REQUIRED ACTION → Once you have read the records below, report how many lines contain the word "pearl", and give nothing besides that number.

*** Opening of RAW DATA ***

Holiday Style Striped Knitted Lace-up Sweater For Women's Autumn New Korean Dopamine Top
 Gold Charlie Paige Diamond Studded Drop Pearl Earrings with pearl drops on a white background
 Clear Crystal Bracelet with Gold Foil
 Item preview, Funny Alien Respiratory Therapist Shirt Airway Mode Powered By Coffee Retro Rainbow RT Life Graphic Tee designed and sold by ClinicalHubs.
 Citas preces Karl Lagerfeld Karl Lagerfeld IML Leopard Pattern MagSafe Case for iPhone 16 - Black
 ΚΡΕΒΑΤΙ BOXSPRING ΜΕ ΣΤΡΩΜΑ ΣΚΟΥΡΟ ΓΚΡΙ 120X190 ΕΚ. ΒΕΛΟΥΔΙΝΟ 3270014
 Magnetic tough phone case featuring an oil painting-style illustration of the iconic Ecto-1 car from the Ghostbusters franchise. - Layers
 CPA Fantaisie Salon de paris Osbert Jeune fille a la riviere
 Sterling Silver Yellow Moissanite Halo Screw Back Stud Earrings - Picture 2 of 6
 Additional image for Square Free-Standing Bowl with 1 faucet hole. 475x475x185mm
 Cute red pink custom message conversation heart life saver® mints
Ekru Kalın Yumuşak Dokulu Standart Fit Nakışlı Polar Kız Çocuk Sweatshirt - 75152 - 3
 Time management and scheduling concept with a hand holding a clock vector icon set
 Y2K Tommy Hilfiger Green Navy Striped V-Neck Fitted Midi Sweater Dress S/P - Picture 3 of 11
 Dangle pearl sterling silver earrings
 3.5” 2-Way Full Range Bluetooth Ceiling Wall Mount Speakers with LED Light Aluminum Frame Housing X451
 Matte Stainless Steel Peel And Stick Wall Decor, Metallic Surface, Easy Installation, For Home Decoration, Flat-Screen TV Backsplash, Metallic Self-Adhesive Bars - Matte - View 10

*** Close of RAW DATA ***

EXERCISE RESPONSE → 2